Black holes and orbital mechanics

[impwarhamer]

This is a conundrum I came up with today

so, if you fall towards an object with gravity, you often end up sling-shoting around it (unless you hit the atmosphere or lithosphere).

for example, if you got a duna flyby, you would low fly past it and then carry on.

But, once you pass the event horizon of a black hole, then not even light can escape

so what happens if you where to drop your periapsis into the event horizon of a black hole?

there is nothing there to slow you down to put your whole orbit into the event horizon, but physics sais you can't leave the event horizon.

can someone help me, because i'm confused

[qeveren]

Within the event horizon, spacetime becomes so warped that there are no longer any paths you can follow that don't eventually lead to the singularity. Another way I've heard it described (anyone with a physics background, feel free to correct me here) is that, within the event horizon, the 'down' direction - toward the singularity - swaps places with the 'time' direction. So instead of laying below you, the singularity is now a finite distance in your future, leaving you no way to avoid it.

[JumpsterG]

KSP gives us a great model of a universe without certain physical laws present:

Consider that: if a black hole existed in KSP with appropriate gravity, using KSP physics, you could lower your periapse below the event horizon and enter a stable orbit just fine.

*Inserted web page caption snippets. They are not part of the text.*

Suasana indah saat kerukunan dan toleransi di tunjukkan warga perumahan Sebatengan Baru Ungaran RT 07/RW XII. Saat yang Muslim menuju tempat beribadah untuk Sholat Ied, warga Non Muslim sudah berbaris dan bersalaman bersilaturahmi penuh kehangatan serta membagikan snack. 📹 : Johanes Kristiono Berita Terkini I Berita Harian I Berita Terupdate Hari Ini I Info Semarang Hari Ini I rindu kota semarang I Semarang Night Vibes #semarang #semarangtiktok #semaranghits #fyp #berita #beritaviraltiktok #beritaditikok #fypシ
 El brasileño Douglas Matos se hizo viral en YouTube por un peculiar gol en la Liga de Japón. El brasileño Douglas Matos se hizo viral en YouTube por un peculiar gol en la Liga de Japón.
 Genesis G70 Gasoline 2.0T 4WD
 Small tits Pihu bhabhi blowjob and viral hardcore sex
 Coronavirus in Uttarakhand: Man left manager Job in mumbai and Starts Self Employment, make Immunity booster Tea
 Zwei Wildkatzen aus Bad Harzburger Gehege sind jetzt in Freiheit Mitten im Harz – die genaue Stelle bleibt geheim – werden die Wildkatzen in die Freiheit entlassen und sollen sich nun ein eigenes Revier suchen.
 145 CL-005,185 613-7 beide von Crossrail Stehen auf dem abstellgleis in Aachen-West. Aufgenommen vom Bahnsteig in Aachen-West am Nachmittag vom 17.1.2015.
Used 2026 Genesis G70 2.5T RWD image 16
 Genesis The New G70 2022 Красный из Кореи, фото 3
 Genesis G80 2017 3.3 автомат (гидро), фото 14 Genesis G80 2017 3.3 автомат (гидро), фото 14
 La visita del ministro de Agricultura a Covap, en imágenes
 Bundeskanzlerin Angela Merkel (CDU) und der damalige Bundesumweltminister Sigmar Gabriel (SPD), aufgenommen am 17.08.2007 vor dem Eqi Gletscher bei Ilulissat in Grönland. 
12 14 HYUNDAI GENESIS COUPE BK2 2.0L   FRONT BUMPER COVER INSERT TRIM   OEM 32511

This is because KSP does not follow the "speed limit of the universe". When a KSP craft gets closer to the massive gravity well, it would pick up (ludicrous) speed exceeding the speed of light (necessary to escape the massive gravity), swing through periapse and continue merrily back to high orbit. (Survival of G's notwithstanding)

In reality, according to people way smarter than me, as an object approaches the speed of light, STRANGE STUFF HAPPENS. Most importantly for your question, the object gains less and less additional velocity as it's velocity approaches light speed (the lost energy is being spent warping space-time around the object, according to smarter people). Since the object never achieves the (ludicrous) speed necessary to escape the black hole's gravity at periapse, down it goes.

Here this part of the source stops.